Serge, Paris, France
While you all are vaunting the merits of a vamp who is causing embaressment to all the pople here, France cannot afford to lose face. We need contracts, we need business deals, there is so much employment. All we need is pin-up who causes us to lose credibility.
Graer, Paris, France
One of Mdme Sarkozy's more appealing traits is her ability to make smug little puddings feel terribly threatened. It is tremendous fun for the rest of us.
Esther, London,
Fanstasic - well written India.
CA, Manchester, UK
My husband says he would rather marry a pudding than a tart.
Dale, Wellington,
Chloe and all you other obsessives, if a little intelligence were allowed to enter into these comments, you would admit that, based upon the experiences to date, of Carla Bruni as the wife of the French President (AND THAT IS WHAT SHE SHOULD BE JUDGED UPON), she behaved excellently, which cannot be said for her husband, who has a temper that needs controlling.

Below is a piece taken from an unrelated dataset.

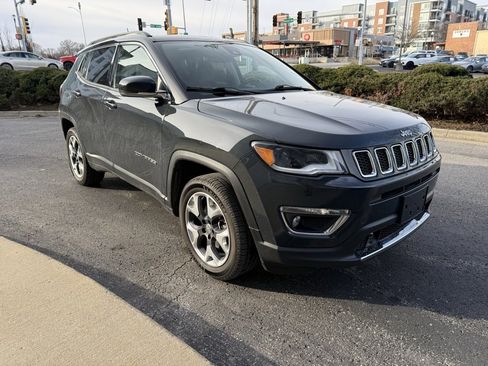 Used 2017 Jeep Compass Limited image 7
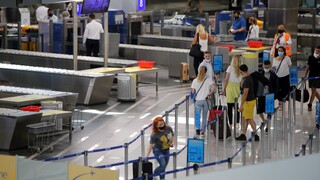 Βατόπουλος: Μπορεί να απαγορευτεί η είσοδος τουριστών κι από άλλες χώρες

There is not one person, who has added to these comments, who has not got some sort of skeleton in his/her closet. Give the woman a chance and let her show what she will or will not do. It amazes me that all of you who know, in advance, what is going to happen are not running the country yourselves. Surely, with fortune-telling powers such as you have, you would be brilliant.
I expect this sort of witch hunt from the English but NOT from the French.